Task directions:
In this exercise, print only the lines of the records below from the one with "This home is" through the one with "When it's time", inclusive. Pictures are not part of the copy.

Given information:
------------

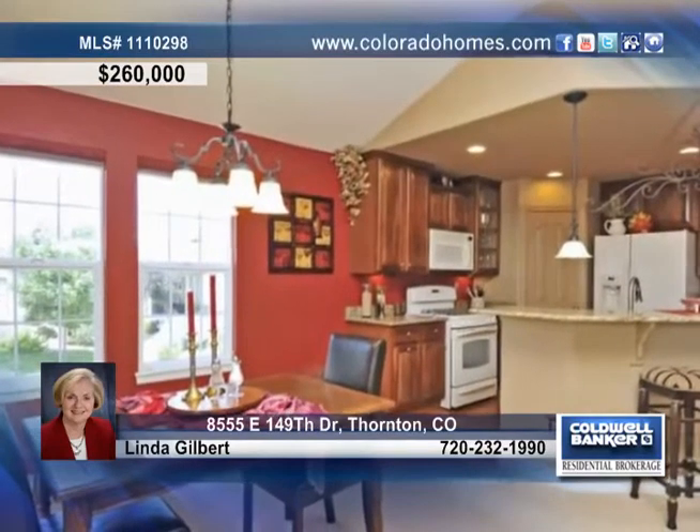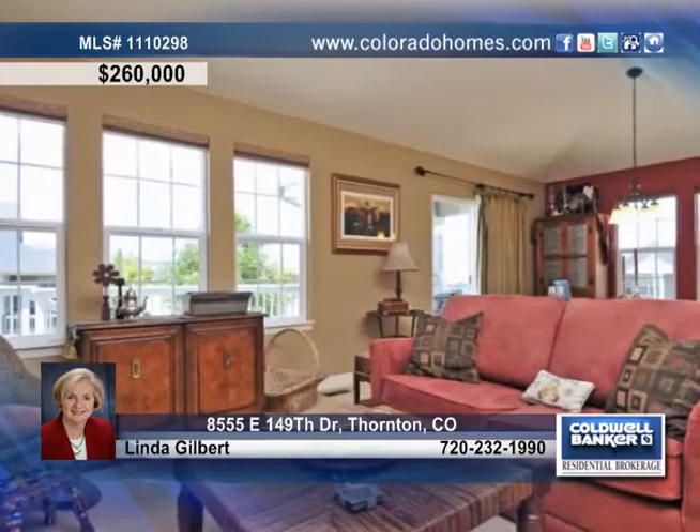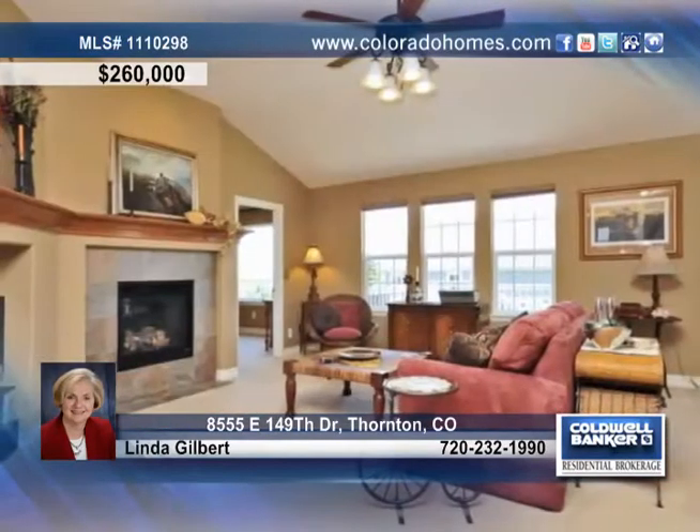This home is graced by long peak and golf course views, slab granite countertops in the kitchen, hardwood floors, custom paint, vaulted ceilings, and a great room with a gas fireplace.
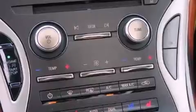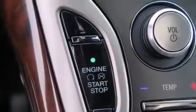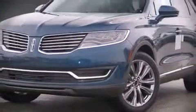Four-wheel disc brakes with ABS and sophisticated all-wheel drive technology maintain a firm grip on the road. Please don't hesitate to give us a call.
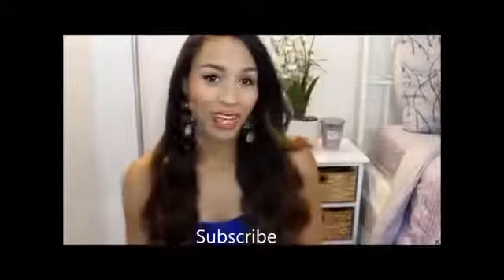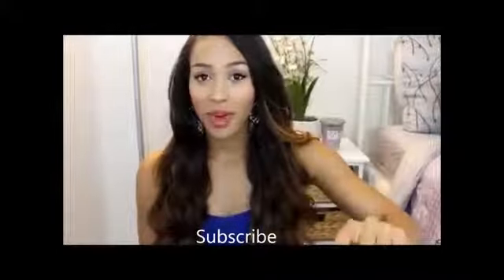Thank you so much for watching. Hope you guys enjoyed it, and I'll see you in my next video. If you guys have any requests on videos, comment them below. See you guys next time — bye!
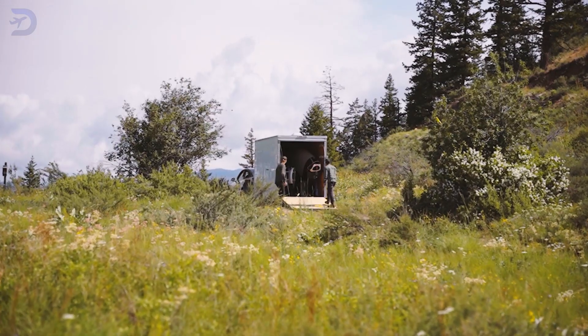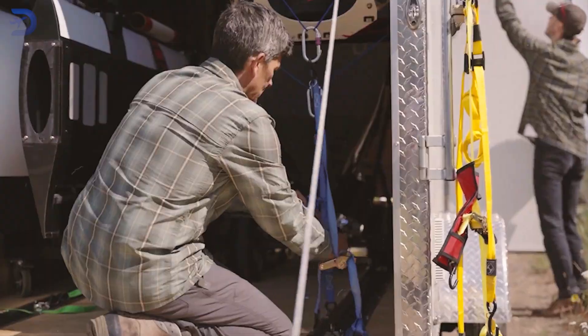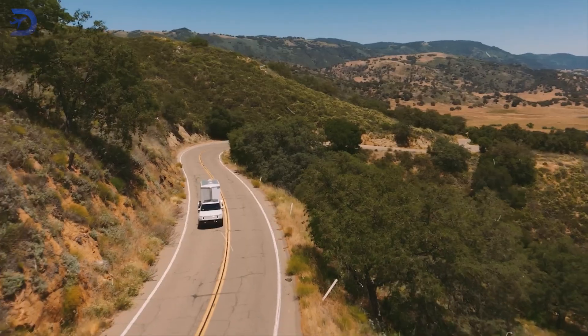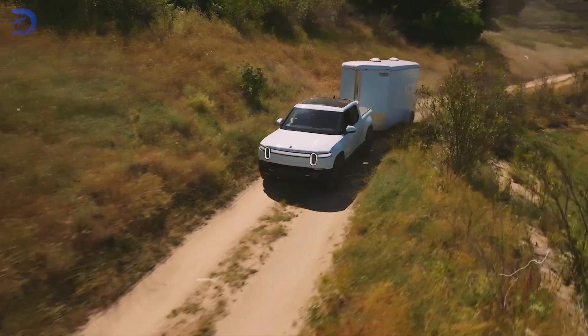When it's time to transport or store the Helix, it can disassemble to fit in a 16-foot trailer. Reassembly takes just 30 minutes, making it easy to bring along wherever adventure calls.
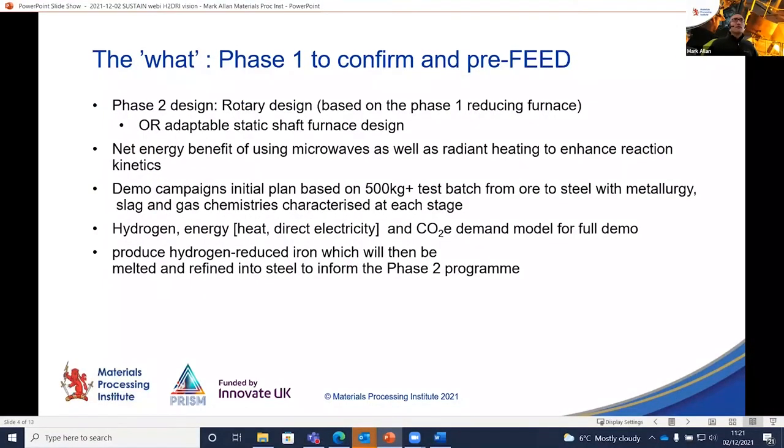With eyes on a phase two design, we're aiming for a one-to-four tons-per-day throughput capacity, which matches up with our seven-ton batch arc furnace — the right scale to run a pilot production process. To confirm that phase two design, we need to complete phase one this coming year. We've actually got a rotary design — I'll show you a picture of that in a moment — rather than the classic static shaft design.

------------

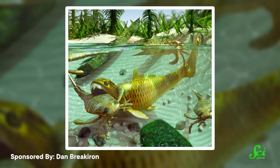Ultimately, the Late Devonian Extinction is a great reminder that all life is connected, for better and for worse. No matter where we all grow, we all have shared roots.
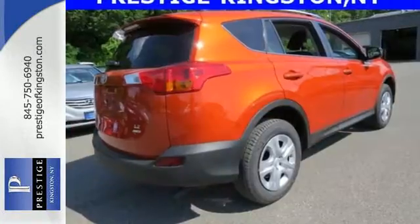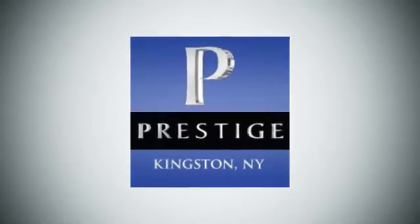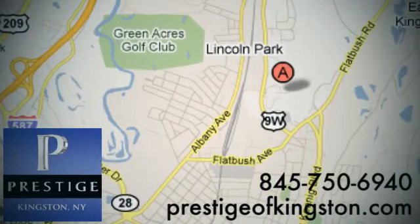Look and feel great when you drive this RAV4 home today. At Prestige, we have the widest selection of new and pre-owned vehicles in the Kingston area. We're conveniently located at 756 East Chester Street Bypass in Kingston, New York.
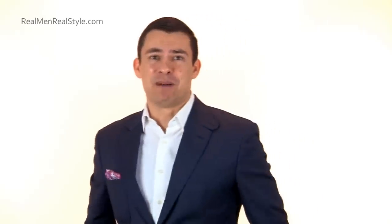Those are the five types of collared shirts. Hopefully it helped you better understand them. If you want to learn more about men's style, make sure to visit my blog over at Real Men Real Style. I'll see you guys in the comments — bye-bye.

------------

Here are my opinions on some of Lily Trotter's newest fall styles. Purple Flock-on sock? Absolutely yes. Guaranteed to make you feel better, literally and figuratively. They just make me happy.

------------

Worked solution:
This home is graced by long peak and golf course views, slab granite countertops in the kitchen, hardwood floors, custom paint, vaulted ceilings, and a great room with a gas fireplace.
Four-wheel disc brakes with ABS and sophisticated all-wheel drive technology maintain a firm grip on the road. Please don't hesitate to give us a call.
Thank you so much for watching. Hope you guys enjoyed it, and I'll see you in my next video. If you guys have any requests on videos, comment them below. See you guys next time — bye!
When it's time to transport or store the Helix, it can disassemble to fit in a 16-foot trailer. Reassembly takes just 30 minutes, making it easy to bring along wherever adventure calls.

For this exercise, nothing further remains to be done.